** Opening RAW DATA block **
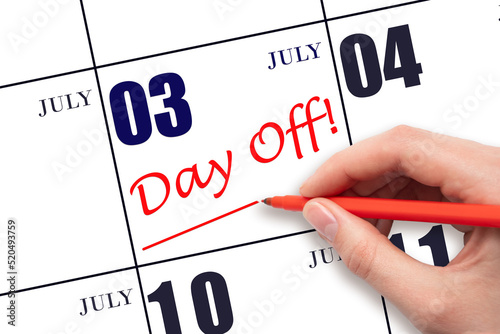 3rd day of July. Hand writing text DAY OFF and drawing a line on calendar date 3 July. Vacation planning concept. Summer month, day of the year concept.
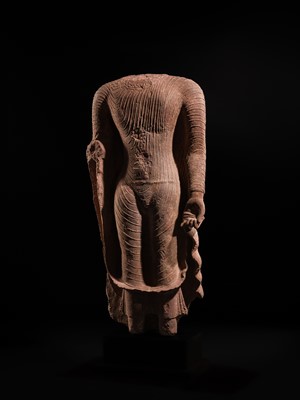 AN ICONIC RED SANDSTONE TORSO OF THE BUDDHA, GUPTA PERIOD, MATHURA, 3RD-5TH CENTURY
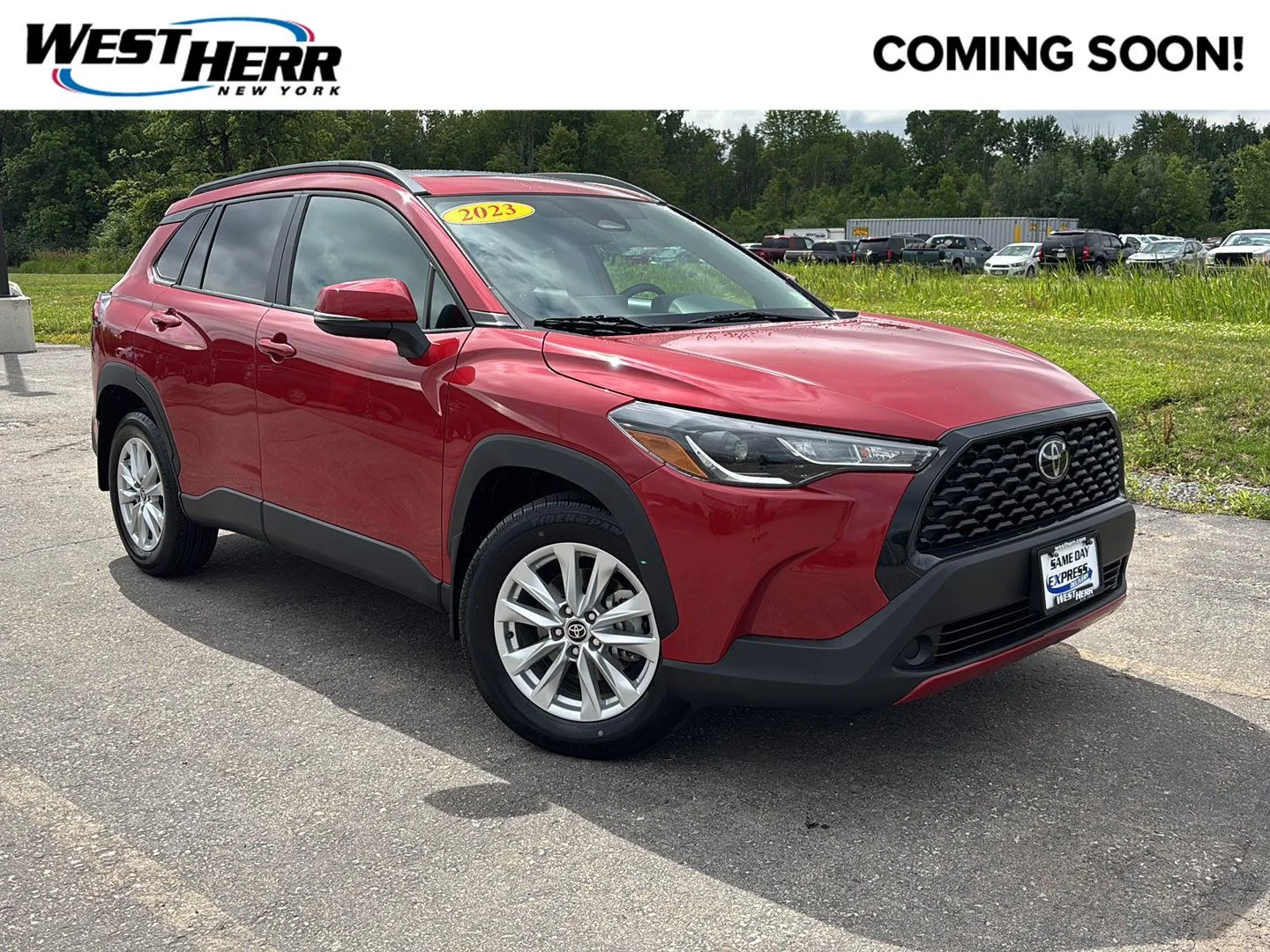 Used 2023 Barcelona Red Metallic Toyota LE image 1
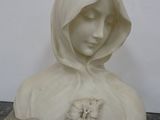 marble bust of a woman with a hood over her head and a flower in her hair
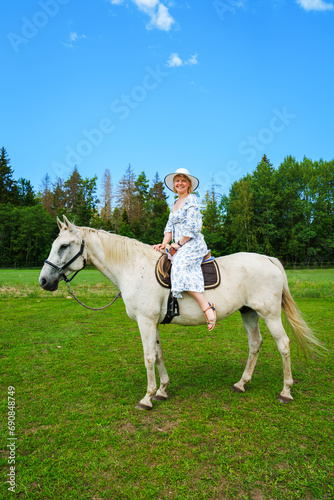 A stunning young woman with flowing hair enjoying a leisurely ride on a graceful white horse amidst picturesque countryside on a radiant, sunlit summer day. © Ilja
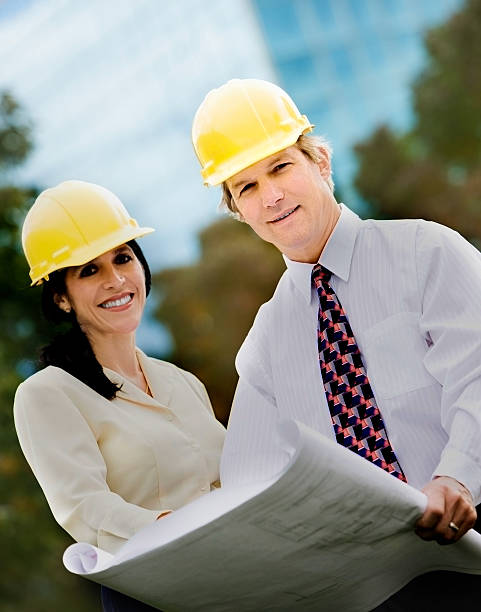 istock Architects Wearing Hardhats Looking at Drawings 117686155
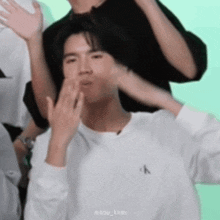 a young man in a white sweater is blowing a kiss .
** Closing RAW DATA block **
EXERCISE DETAILS. Keep every word of the records exact as you write them out, but drop the pictures.

RESPONSE BOX.
 3rd day of July. Hand writing text DAY OFF and drawing a line on calendar date 3 July. Vacation planning concept. Summer month, day of the year concept.
 AN ICONIC RED SANDSTONE TORSO OF THE BUDDHA, GUPTA PERIOD, MATHURA, 3RD-5TH CENTURY
 Used 2023 Barcelona Red Metallic Toyota LE image 1
 marble bust of a woman with a hood over her head and a flower in her hair
 A stunning young woman with flowing hair enjoying a leisurely ride on a graceful white horse amidst picturesque countryside on a radiant, sunlit summer day. © Ilja
 istock Architects Wearing Hardhats Looking at Drawings 117686155
 a young man in a white sweater is blowing a kiss .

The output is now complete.